Co-founder Sylvie Douce has been involved in chocolate-themed events since 1987, but it wasn’t until 1994 that she discussed the idea of a larger show with partner Francois Jeantet and opened the very first Salon du Chocolat in October 1995, which attracted 40 chocolate professionals and 40,000 visitors.
This year, the Salon du Chocolat hosts 230 exhibitors from over 60 countries in a consumer-facing event that also attracts buyers and professionals from the international market and over 100,000 visitors.
The concept quickly became a global phenomenon and there are now Salon du Chocolat shows in major cities including New York, Tokyo, London, Beirut, Shanghai and Moscow.
But it is Paris, its spiritual home, which attracts most attention, making it a sell-out every year, especially at the weekend when consumers flock to the Pavillion at Paris-Porte de Versailles, looking for a festival of flavours from around the world and new chocolate experiences.
“The success of the Salon du Chocolat is a force for good, for everyone around the world. It may well be the magic potion for the 21st century – the only one that everyone still agrees on,” said Douce.
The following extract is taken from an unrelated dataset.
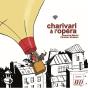Charivari À L'Opéra - Preview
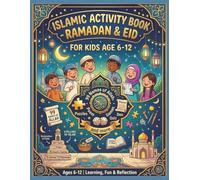 Islamic Activity Book: Ramadan & Eid Workbook for Muslim Kids Ages 6-12 | 99 Names of Allah | Pillars of Islam | Islamic Activities, Coloring Page, ... Inches, 90 Pages | Puzzle Solution Included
As well as the chocolate, the Salon hosts a chocolate-inspired fashion show on a daily basis and is home to the International Cocoa Awards, which showcases the finest producers from around the world. The Chocosphere discussion area is also an important element of the Salon, providing an industry voice on a range of topics directly to an audience of consumers.
Clark Guittard from US chocolatier Guittard said it is an important event on the calendar as it not only attracts thousands of consumers but buyers from around the world. He said his company had already received interest from the Middle East and UK on the opening morning.
Hot topics reported from the floor this year include organic and sustainable packaging, as the cocoa industry continues to grapple with sustainability in the supply chain.
Douce and Jeantet see the Salon du Chocolat as an important player in promoting sustainability in the cocoa sector and enabling cocoa growers to provide an income for their families and pass down their expertise from generation to generation.
“For us, it is very important that Salon du Chocolat is a link between producer countries and the chocolate maker,” Douce told ConfectioneryNews.
Producer countries like Côte d'Ivoire and São Tomé have had a presence at the Salon since the beginning, Douce said, and it now attracts delegations from all the big cocoa growing countries including Ghana, Brazil and Colombia.
Regarding sustainability, Jeantet said it is also an important part of the show and this year in Paris, there is an area dedicated to ‘Origen Cocoa’ including growers from the Amazon cocoa belt.
Jeantet said he also takes an active interest in bio-diversity on cocoa farms and he is the founder of the International Cocoa Awards, which recognizes sustainable practices from the beginning of the supply chain.
The Salon du Chocolat held an event in Peru earlier this year and Jeantet said, “it was fabulous to see a Pervuvian cacao producer taste chocolate for the first time and marvel at what had been done with his harvest”.
Jeantet added it is important that issues like child labor are discussed openly as it creates more understanding at consumer level.
This year, the Salon is devoting more space to pastry chefs to present masterclasses in their craft.
The Salon du Chocolat continues to grow every year, said Douce. “I am proud that, with Francois, we created this event, and then we fell in love with the chocolate maker and pastry chefs. We help them attract a wider audience in a creative environment, and we also fell in love with the cocoa grower and we created a link with not only people from the industry at any level, but with consumers of all ages and backgrounds.”